What this task involves — From the first line to the last, please print the entries exactly, omitting pictures.

Records for this task —

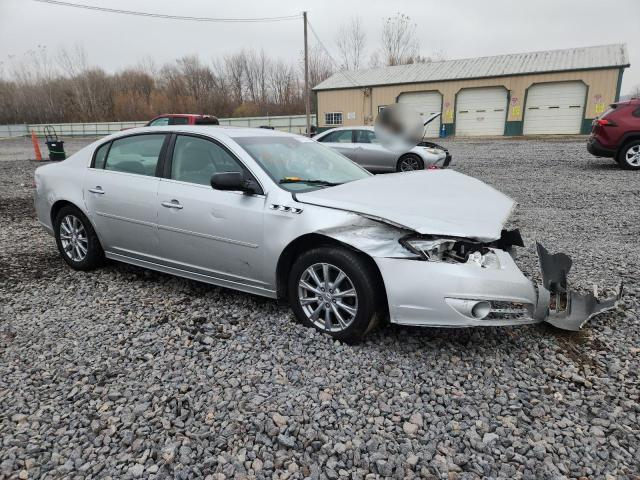 2010 BUICK LUCERNE CX #3296247410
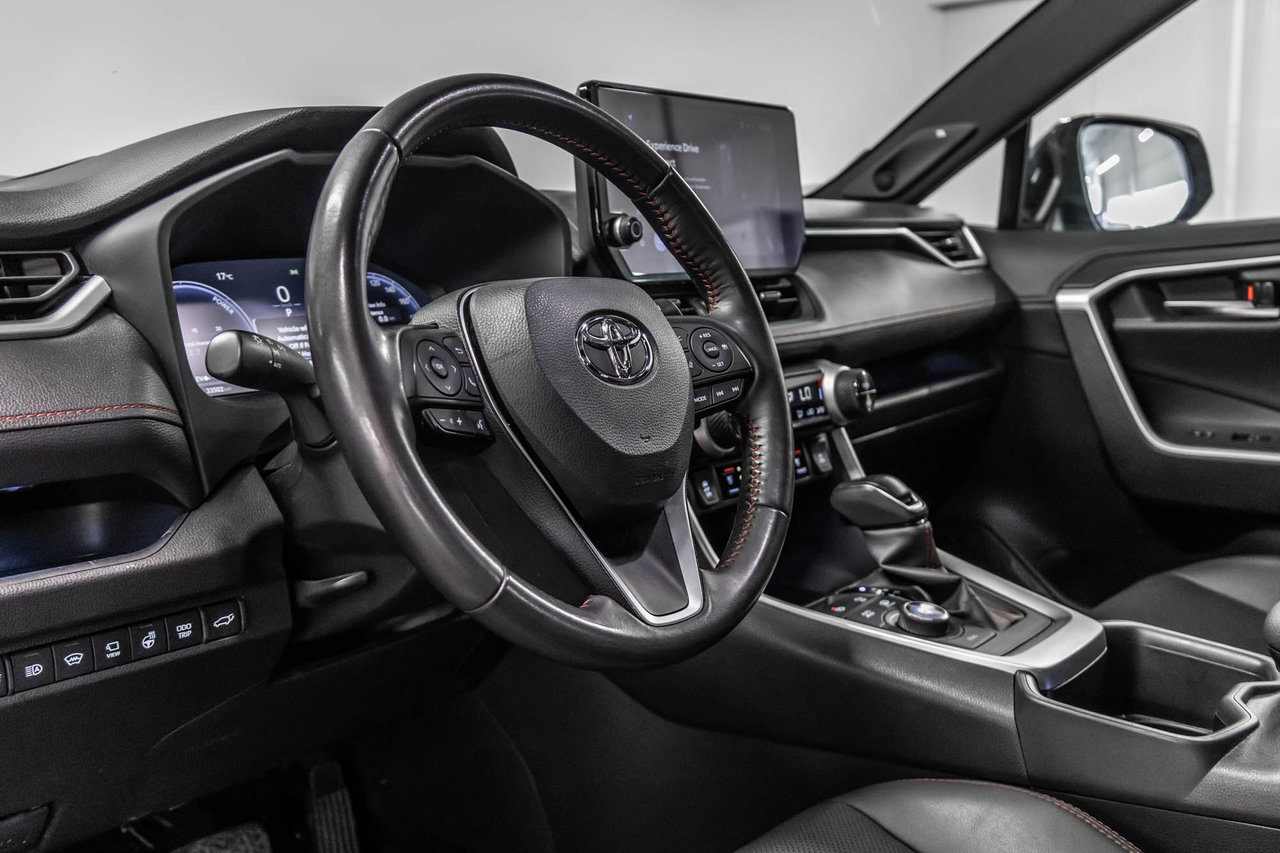2023 Toyota RAV4 Prime XSE-17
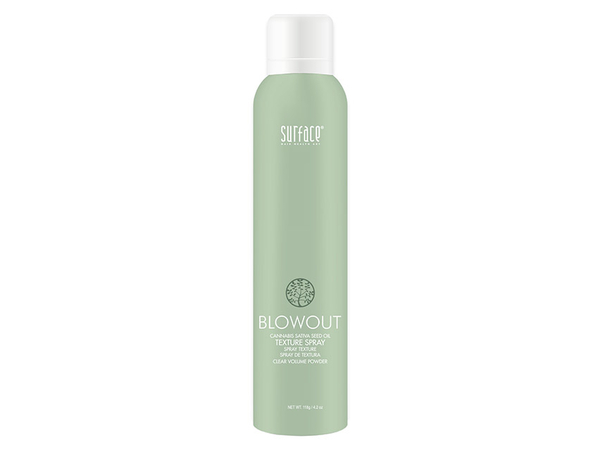 Blowout Texture Spray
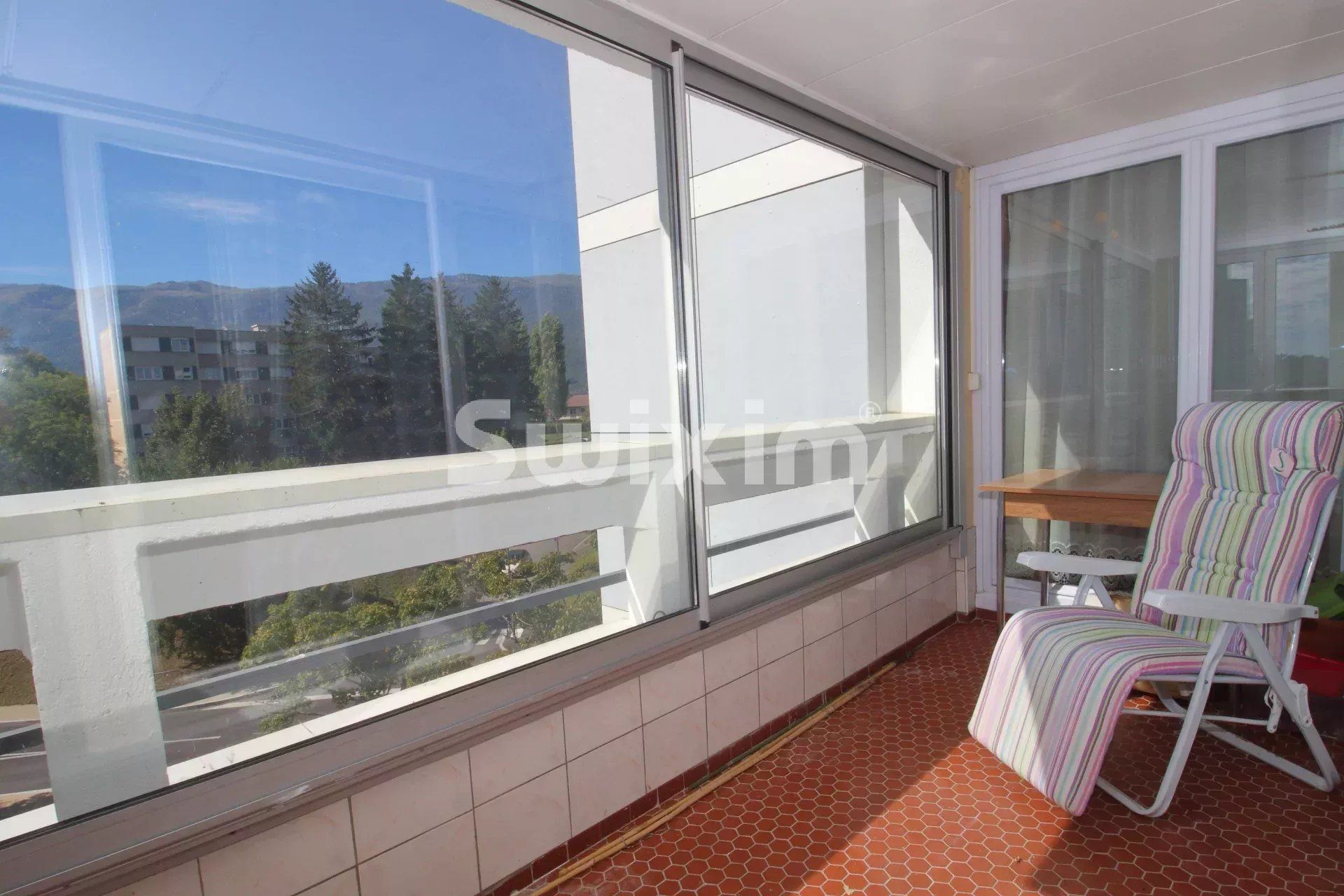 Sale Apartment Saint-Genis-Pouilly 5&nbsp;Rooms 107&nbsp;m²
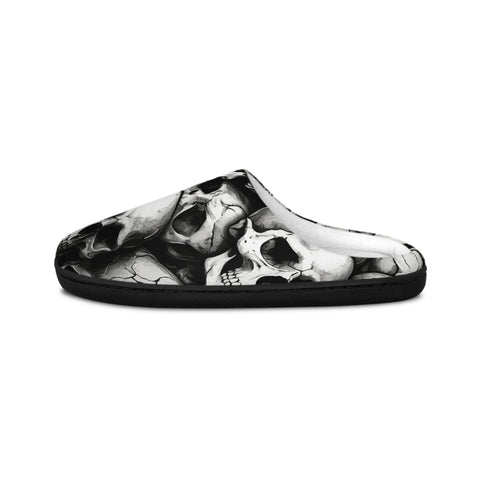 Isabella Crestini - Men's Indoor Slippers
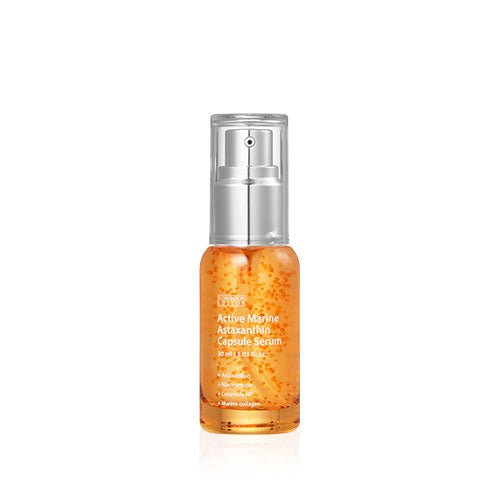 SUNGBOON EDITOR ACTIVE MARINE ASTAXANTHIN SERUM 30ML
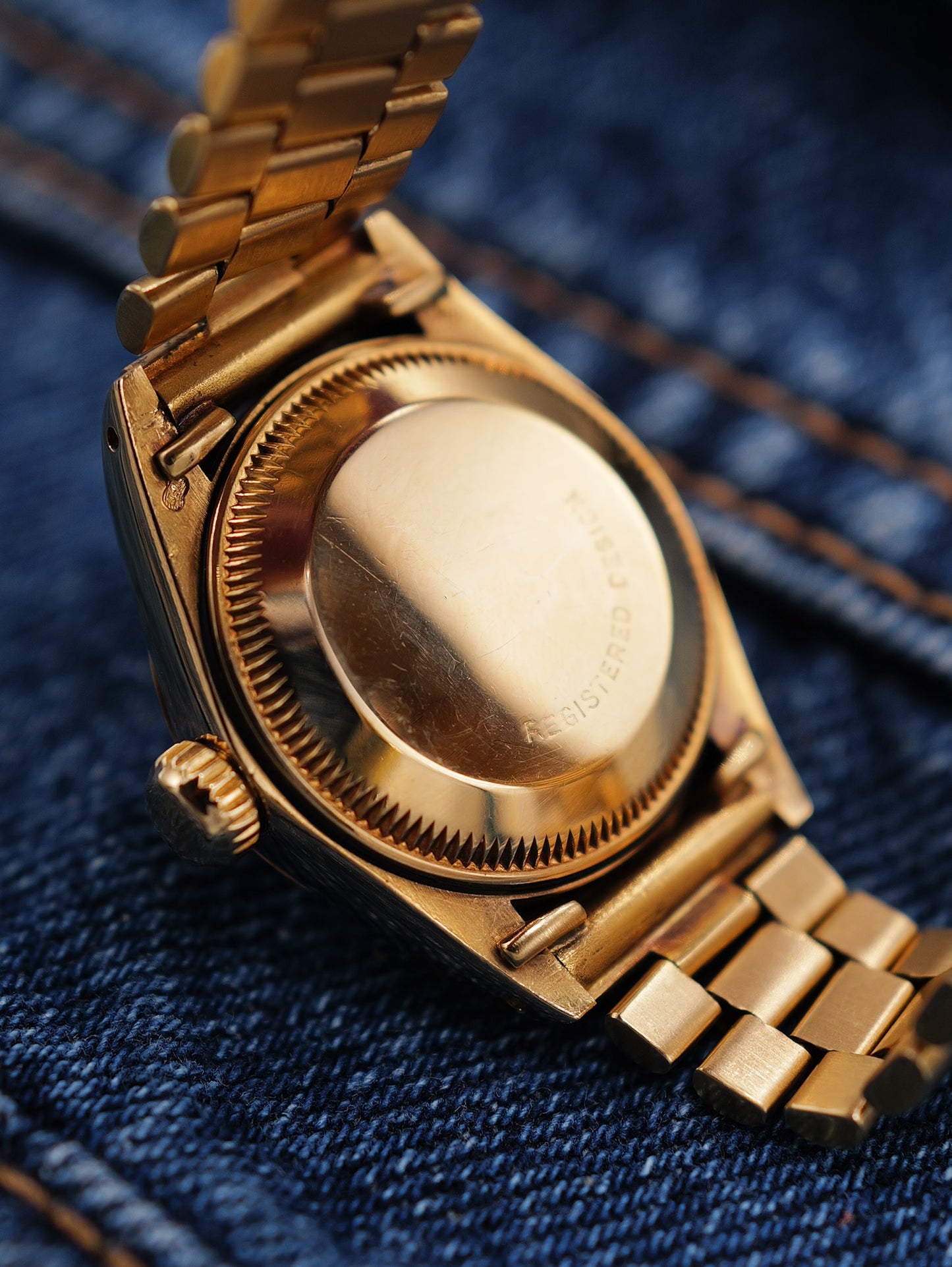 ROLEX LADY DATEJUST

Response for this exercise —
 2010 BUICK LUCERNE CX #3296247410
2023 Toyota RAV4 Prime XSE-17
 Blowout Texture Spray
 Sale Apartment Saint-Genis-Pouilly 5&nbsp;Rooms 107&nbsp;m²
 Isabella Crestini - Men's Indoor Slippers
 SUNGBOON EDITOR ACTIVE MARINE ASTAXANTHIN SERUM 30ML
 ROLEX LADY DATEJUST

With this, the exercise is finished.